Hans Söllner und seine Band in der Musik-Arena auf Tollwood

Von Christian Jooß-Bernau

Mittlerweile hat seine akustische Gitarre ein Loch in der Decke. Hineingearbeitete von seinen Fingern über Jahre, die er auf der Bühne stand. Es geht ihm nicht gut, diesem Sänger, der sein Konzert in der Musik-Arena auf Tollwood mit einer Wutrede beginnt in deren Zentrum die Landwirte und ihre Massentierhaltung stehen. Kurz vermisst man Sarah Lesch, die junge Liedermacherin, die angenehm begabt, freundlich und aufrecht, das Vorprogramm bestritt. Hans Söllners Mission: Jeder möge wenigstens ein Jahr auf Hendl verzichten. "Der Wind" singt er, über die Traurigkeit, die kommt und die Kraft, die stirbt. Mit der Hand tappt Stefan Hofer den Beat auf die Snare Drum. Der Tod, die Angst und die Vergeblichkeit sind im Zelt, bei diesem Konzertbeginn. Und nichts ist Show. "Sturm" - dieses Lied kann Rebellion sein. An diesem Abend ist es Untergang. "A jeda woaß doch, wos er is" ruft Söllner, schreit es, tobt es, aber sicher ist nichts.

Was dann geschieht, ist eine Wandlung. Hans Söllner, den der Groll treibt, vertraut sich dem Sound des Bayamann Sissdem an, seiner fünfköpfigen Band um Peter Pichler an Orgel und Akkordeon. "Ned Aloa" - keiner kann das Sissdem stoppen, wenn es einmal rollt. Und wie es so rollt, zieht doch ein Lächeln auf das Gesicht des Sängers. "Hey Staat" ist immer noch das beste Lied für ein selbstbestimmtes Leben trotz CSU, und es kommt hier locker im Reggae-Flow und sogar mit Lachfalten.

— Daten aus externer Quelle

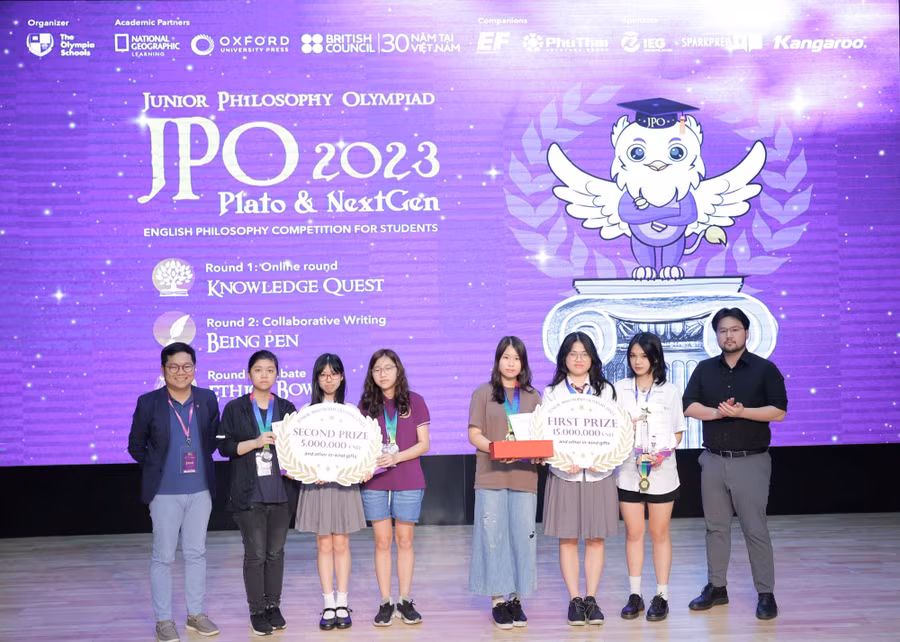 Hai đội giành nhất, nhì JPO 2023 (bảng Olympia dành cho học sinh lớp 7 - 9).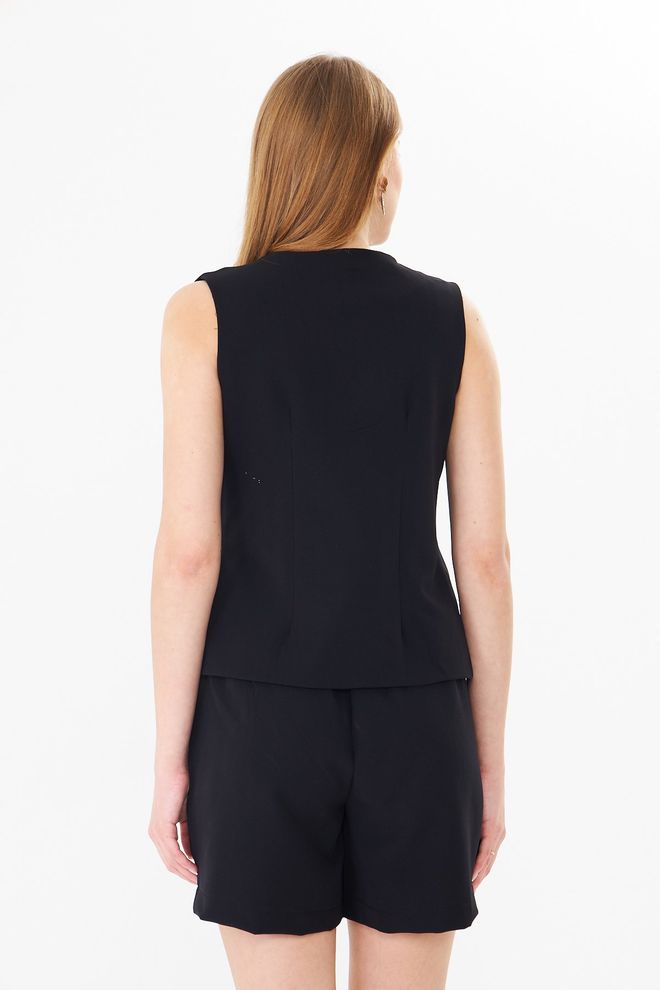 Sortie Collection Black Elegant Bermuda Shorts Wholesale Clothing Work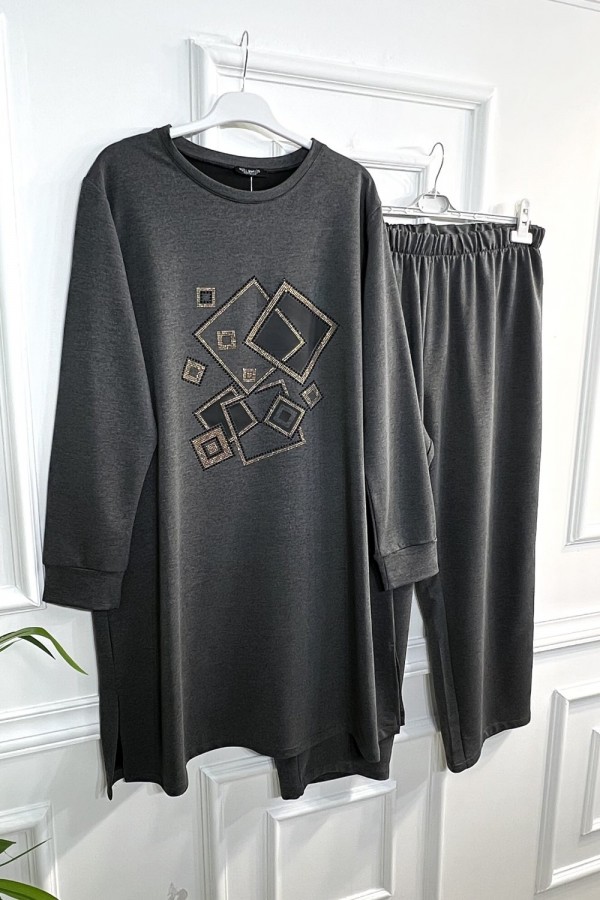 Yasmin Deri Detaylı Kare Taşlı İki İplik Penye İkili Takım - Antrasit Yasmin Deri Detaylı Kare Taşlı İki İplik Penye İkili Takım - Antrasit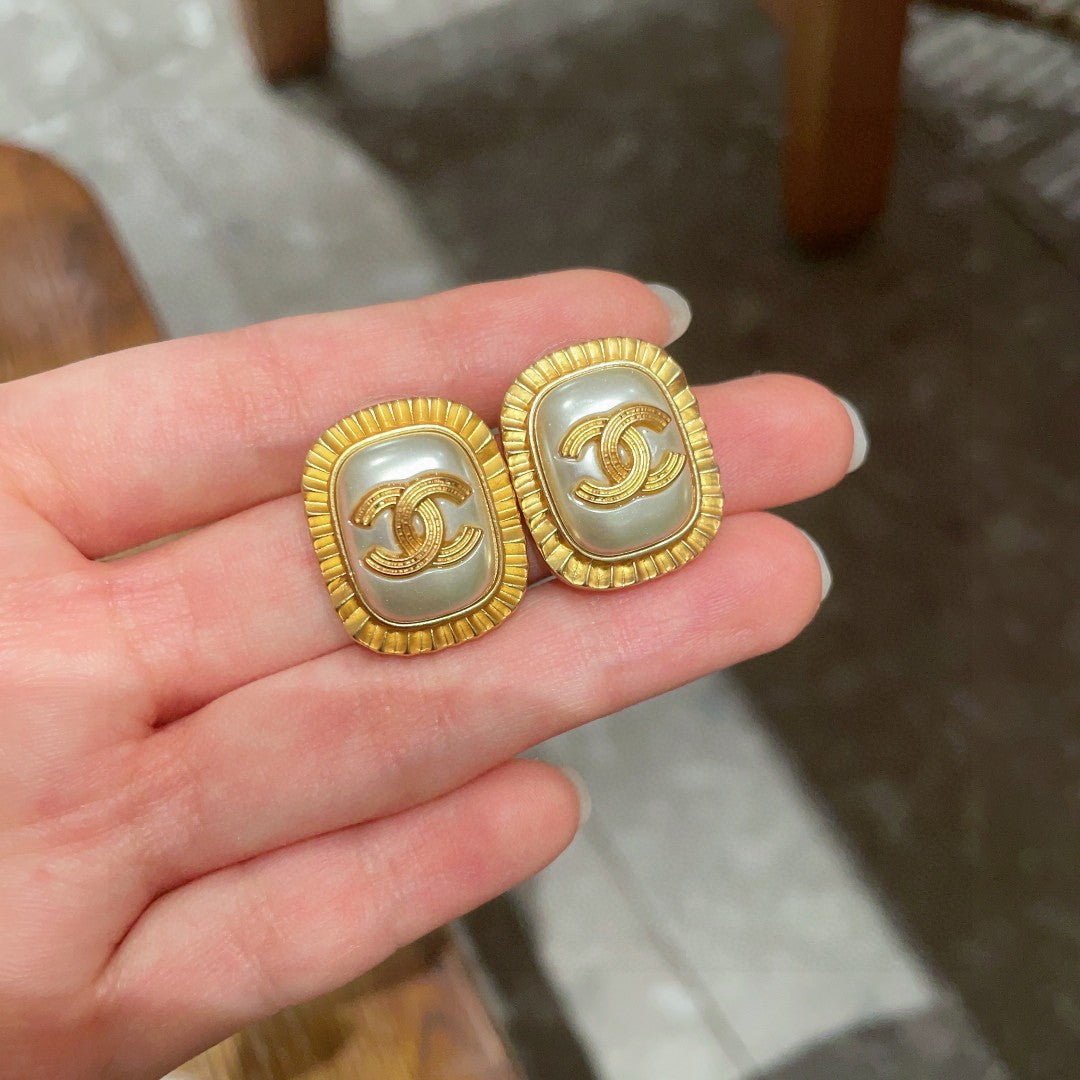 Double-C Emblem Stud Earrings in Polished Metal-Tone – Design 472 side detail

Söllners Gitarrentechnik ist nach all den Jahren schmucklos, sein Stimmumfang überschaubar. Aber die reduzierten Mittel beherrscht er als großartiger Musiker. Wie er sich mit seiner Gitarre in das Tempo von "Ein Schritt hintre" sucht ist bewundernswert souverän. Bei "Viet Nam" hat er einen Texthänger, setzt neu an und dann noch einmal, bittet das Publikum um Hilfe, fängt sich, schafft den Neueinstieg. Und bleibt doch immer im Beat. Es sind erinnernswerte Minuten dieses Abends, in denen man die Erkenntnis haben darf, dass die eigene Fehlbarkeit auch etwas Schönes sein kann.